In the time period prior to COVID-19 174 patients’ required invasive management, while in the second time period during COVID-19 there were 188 patients managed surgically or endoscopically. Of the patients managed prior to COVID-19 17/174 (9.8%) patients required emergency interventions, during COVID-19 this number increased to 37/188 (19.7%). This difference was deemed to be statistically significant (P
=0.008). No substantial difference in cancer staging at presentation was found between the two groups. There was an increase in complication rate found during COVID-19 34.6% vs 25.5% prior to COVID-19 (P =0.046). During COVID-19 the median time between General Practitioner (primary care physician) referral and colonoscopy was actually lower than prior to covid 26.5 vs 36 days (P=0.047).

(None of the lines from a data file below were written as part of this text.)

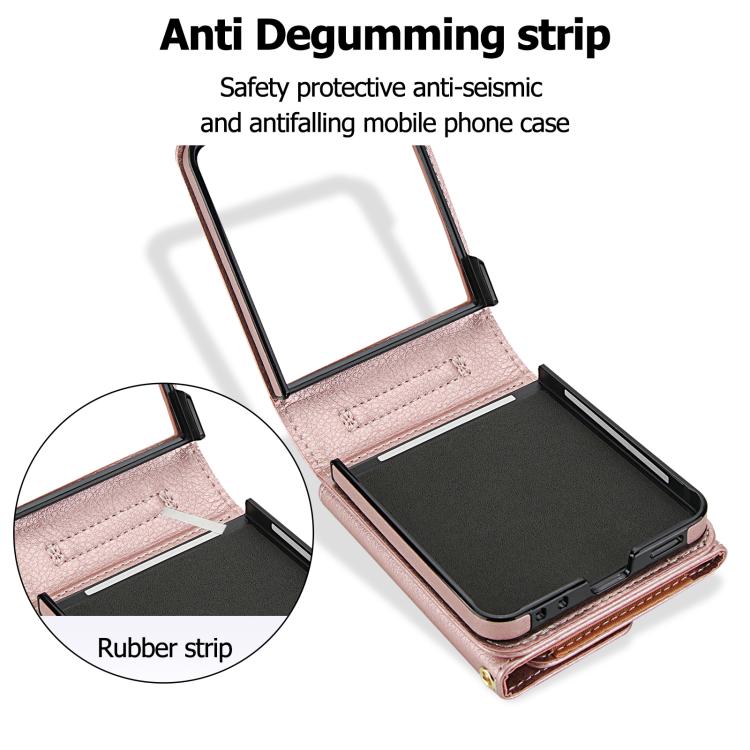 EDA008472801E_4.jpg@7e45013abe28ffc22513beb738e162e0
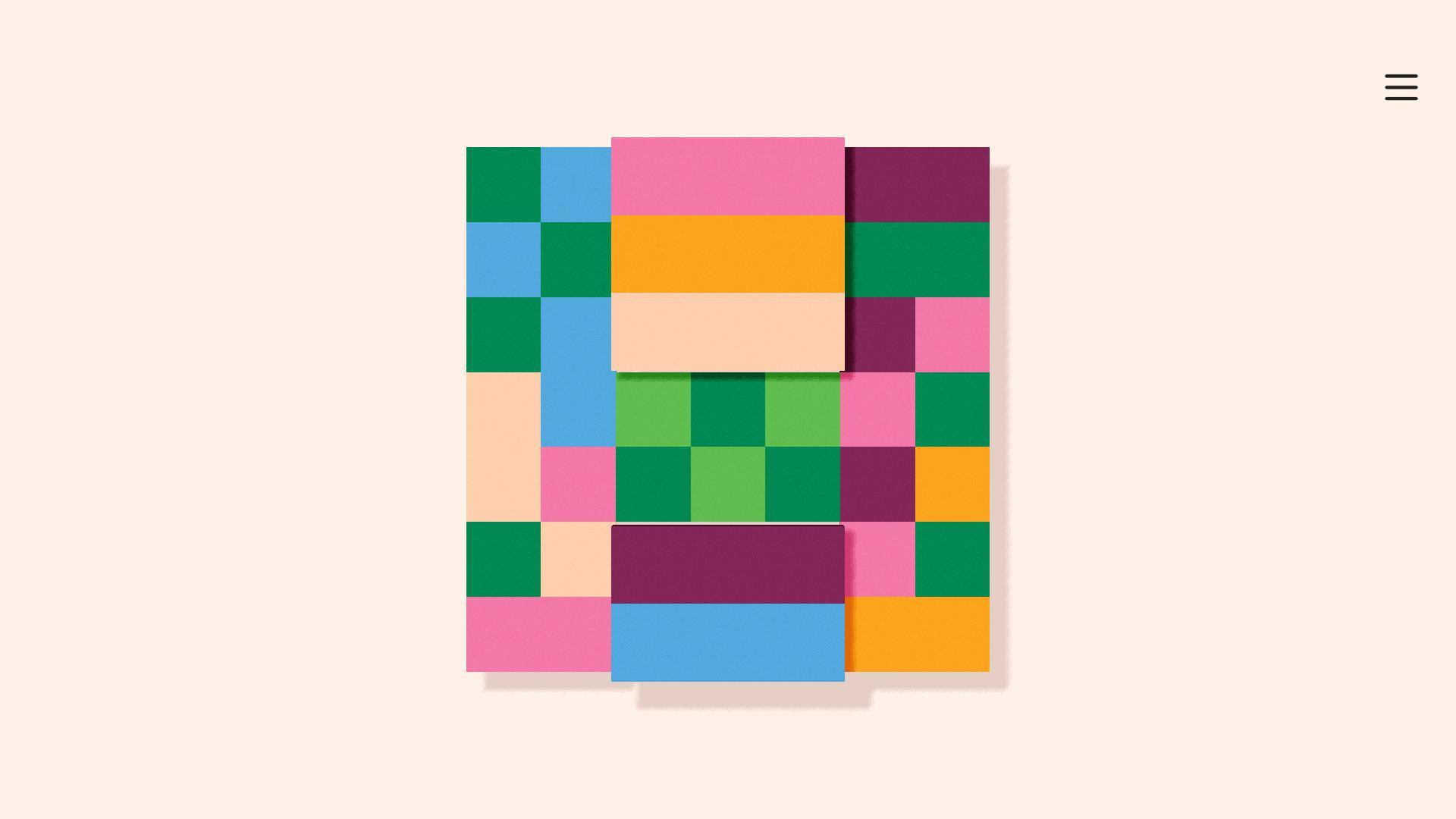 Dissembler (itch) - кадр 7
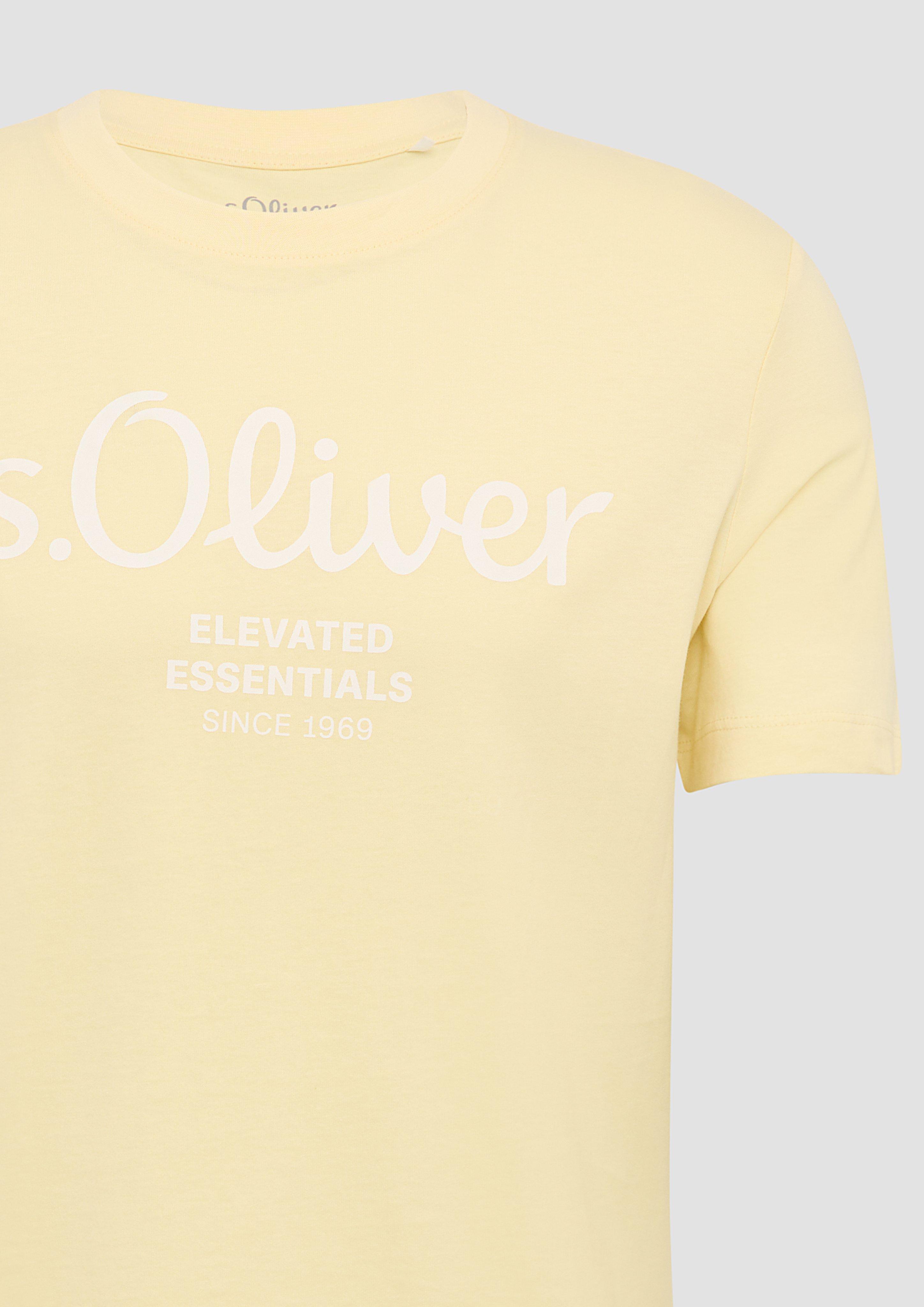 T-Shirt in 12D1, 99D1, 95D1, 95D2, 01D1, 59D1, 79D1, 65D1, 35D1, 62D1, 84D1, 60D2, 75D1, 34D1, 61D1, 66D1 & 89D1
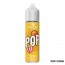 POP - Aroma - Shot 10 su 60 - Royal Blend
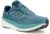 New Balance 1080 V15 Vert Homme
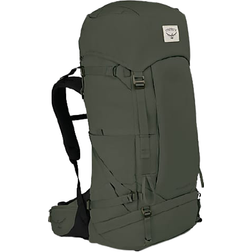 Osprey Archeon 70 L/XL - Haybale Green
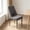 thick fabric dining chair cover Under $5 a5, variant on BRELIL Stretch Chair Cover, Soft Thick Fabric Pet Friendly Dining Chair Slipcover, Washable Protector For Kitchen Living Room Bedroom Home Daily Use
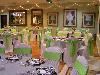 Grand Ballroom, Delray Beach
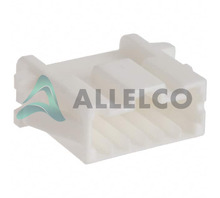 DF1EA-6EP-2.5C Image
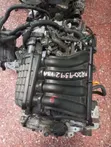 Nissan MR20 Complete Engine (X-Trail, Dualis, Lafesta, Serena) - 5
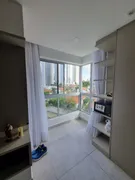 Apartamento com 4 Quartos à venda, 225m² no Brisamar, João Pessoa - Foto 46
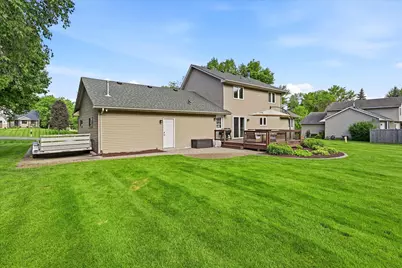 5311 Needham Avenue NE, Saint Michael, MN 55376 - Photo 48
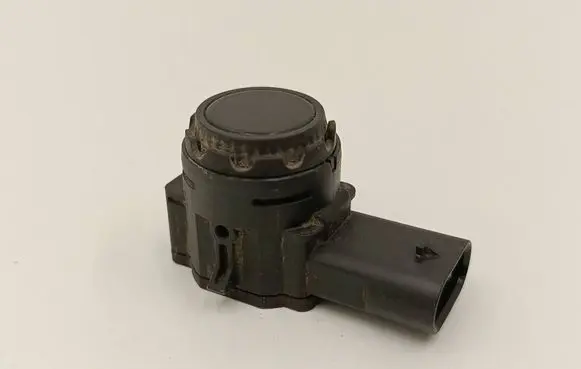 BMW 4 G22 G23 G24 G26 Parking PDC sensor 9826784 0815801 0263053558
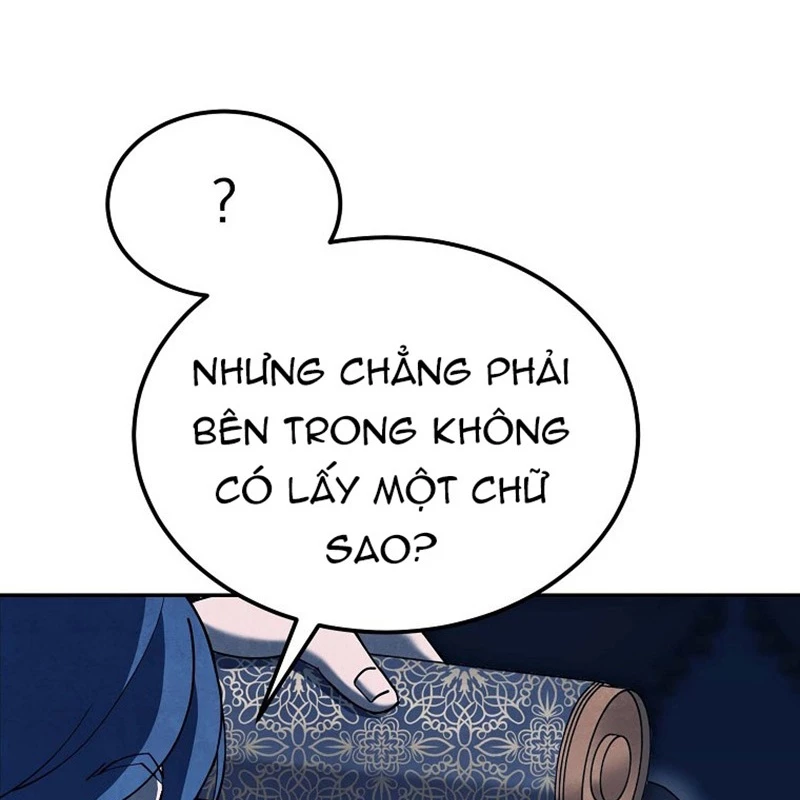 Hoạn Quan Tuyệt Luân Chapter 1 - 183
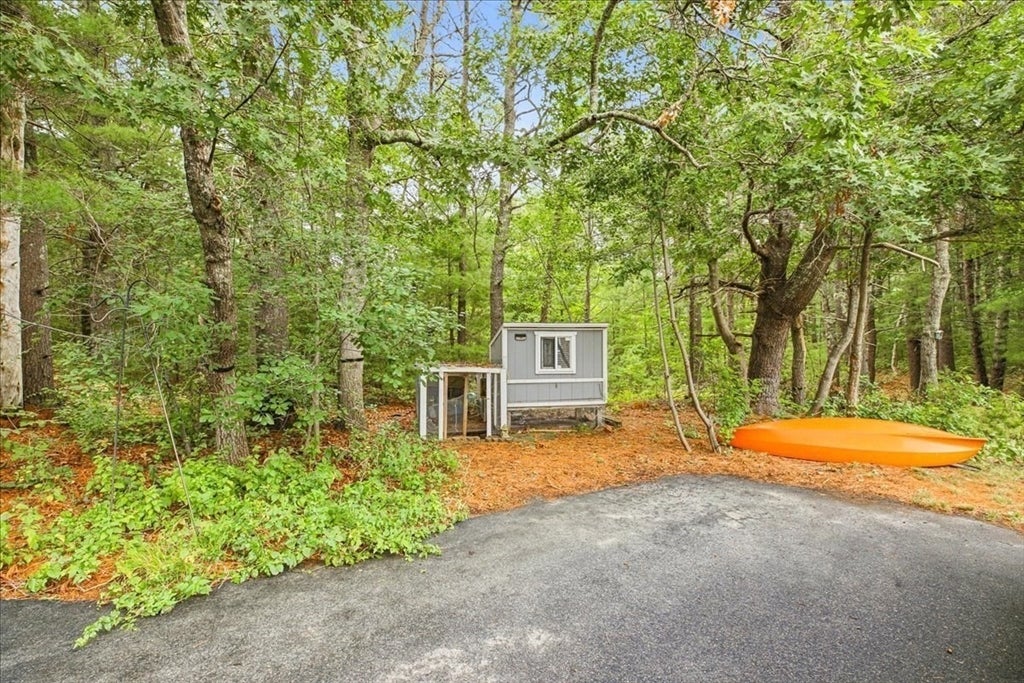 18 Constitution Dr, Plymouth, MA, 18 Constitution Dr, Plymouth, MA Photo #29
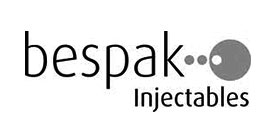 Bespak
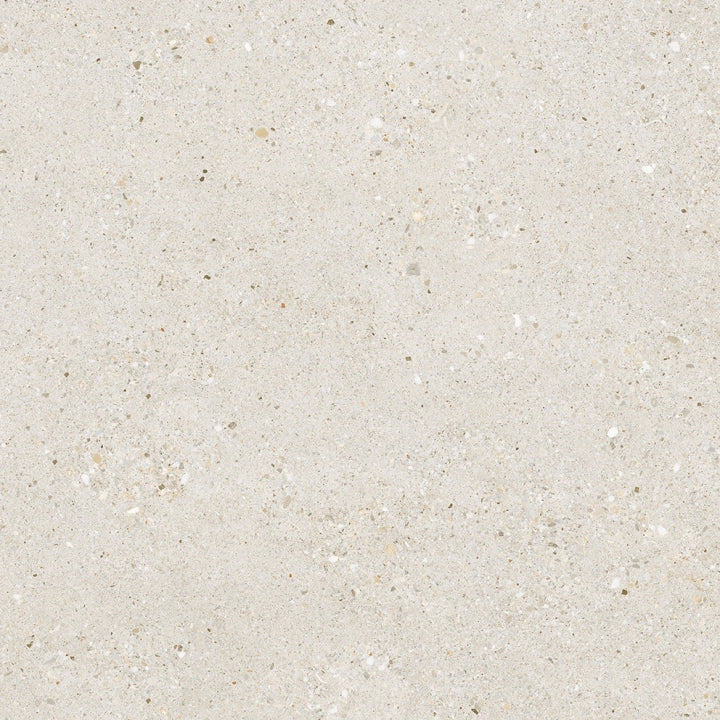 Halcon Ceramicas, Doge - San Marco, Matt, 100x100cm, 9.50mm, Rett.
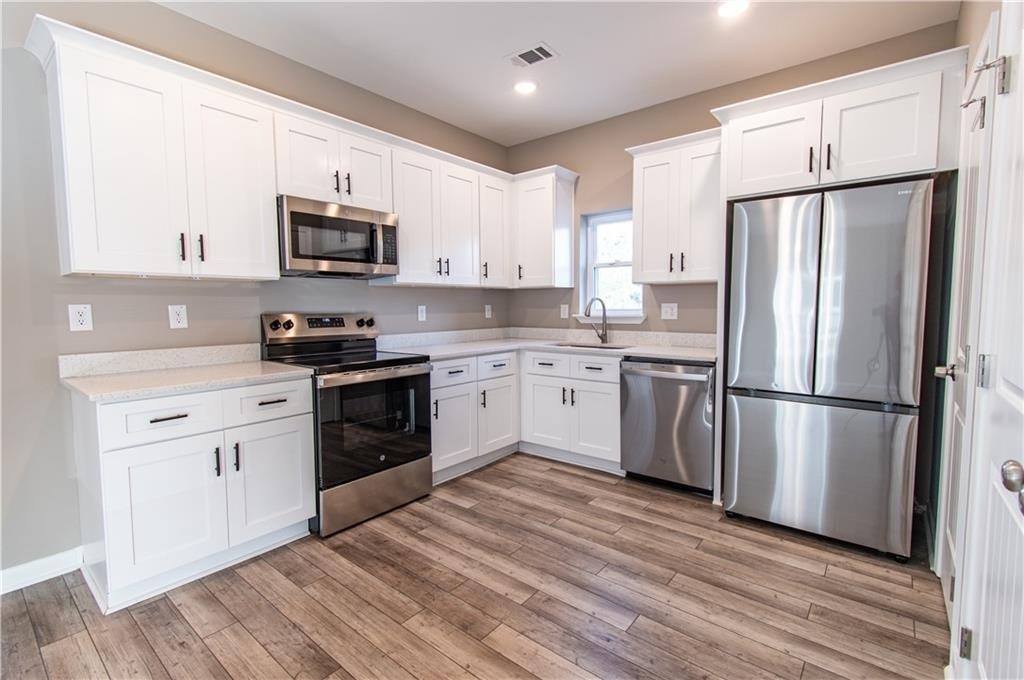 115 Pinto Lane - Photo 3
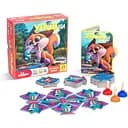 Настільна гра виверт Ludum LD1046-04 російську мову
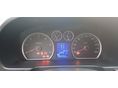HYUNDAI I30 2008/3 - 4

When comparing local to distant patients we found locally based patients had lower rates of neoadjuvant treatment 18.9% vs 30.4% (P=0.018) and higher rates of open surgery 39.1% vs 26.5%, P
=0.012. An increase in time between colonoscopy and outpatient department review (OPD) was seen in patients not from the local area 13 vs 18 days (P
=0.006).
We found during the COVID-19 pandemic a greater proportion of patients were presenting with colorectal cancer that required emergency intervention. This may be due to decreased presentations to general practitioners due to lockdown causing potential delays in diagnosis. We did not see more advanced disease in these patients presenting emergently, between the two groups. Further assessment of local patients’ vs patients from distant sites, showed difference in how patients were managed but similar outcomes. Our large catchment area with distance to treatment in Northern Australia may further impact the management of colorectal cancer in the future.